Cet article paraît dans la Lettre des Amis de décembre 2014
De l’intercession à la réception – De la prière rituelle à la prière en tant qu’attitude spirituelle – De la prière dite à la prière tue – De la transe verbale au silence devant l’immanence transcendantale.
Voilà quelques formules pouvant évoquer le sens pris par mon expérience de la prière au cours de mon évolution spirituelle.
Le thème de la prière ne semble au premier abord pas être un thème central de nos préoccupations Quaker, ce d’autant plus que le silence dans nos cultes contribue plutôt à ce que la prière ne prenne que rarement la parole et qu’il confine à cet acte spirituel une qualité plutôt intime et personnelle. C’est peut-être pourquoi la question, si ou comment le Quaker prie, ne figure pas à la une de nos réunions ou de nos conversations, du moins sur le continent. Ce n’est donc que dans les occasions où nous assistons encore parfois à des cultes chrétiens traditionnels ou à des cultes Quakers programmés que nous nous retrouvons dans une aura où la prière prononcée revient en surface et retrouve le caractère impératif qu’elle n’a plus dans notre tradition et plus particulièrement dans nos cultes. Mais même si la question n’est pas posée ouvertement entre nous et encore moins dans nos assemblées, je crois que nous nous la posons inconsciemment tout au fond de nous : le Quaker, l’ami assis à côté de moi au culte, prie-t-il ? Et s’il prie, comment le fait-il ? Quelle est sa façon de prier ?

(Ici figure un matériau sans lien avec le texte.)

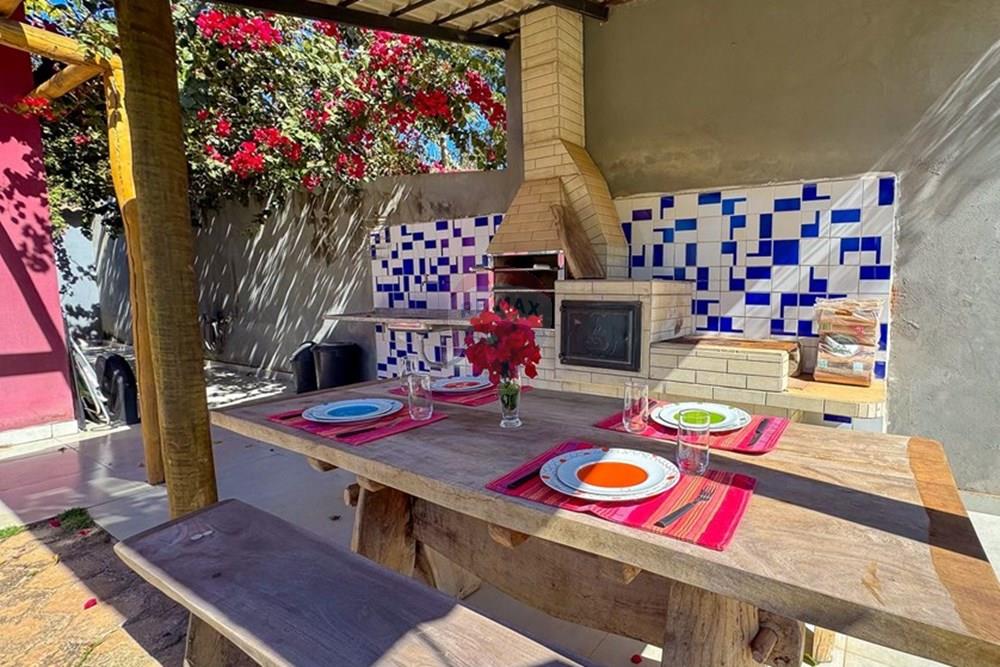 Casa de Condomínio - Venda - Alexânia , Goiás - IMG_6382.jpg - 880111105-7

Ayant depuis un certain temps l’impression que ce thème est « dans l’air », j’ai proposé que l’assemblée trimestrielle des amis bavarois et autrichiens se penche sur cette question lors de sa réunion de l’hiver dernier. Mais ce n’est qu’un certain temps après avoir fait cette proposition – et n’ayant, malgré l’accord unanime rencontré par celle-ci, trouvé personne se sentant appelé à introduire ce thème – que j’ai compris ce qui au fond m’avait motivé. Il s’agissait pour moi de faire en quelque sorte mon point personnel là-dessus. Il fallait que je me mette moi-même « au pied du mur » et me rendre compte sincèrement et ouvertement entre amis de ce que la prière était devenue pour moi.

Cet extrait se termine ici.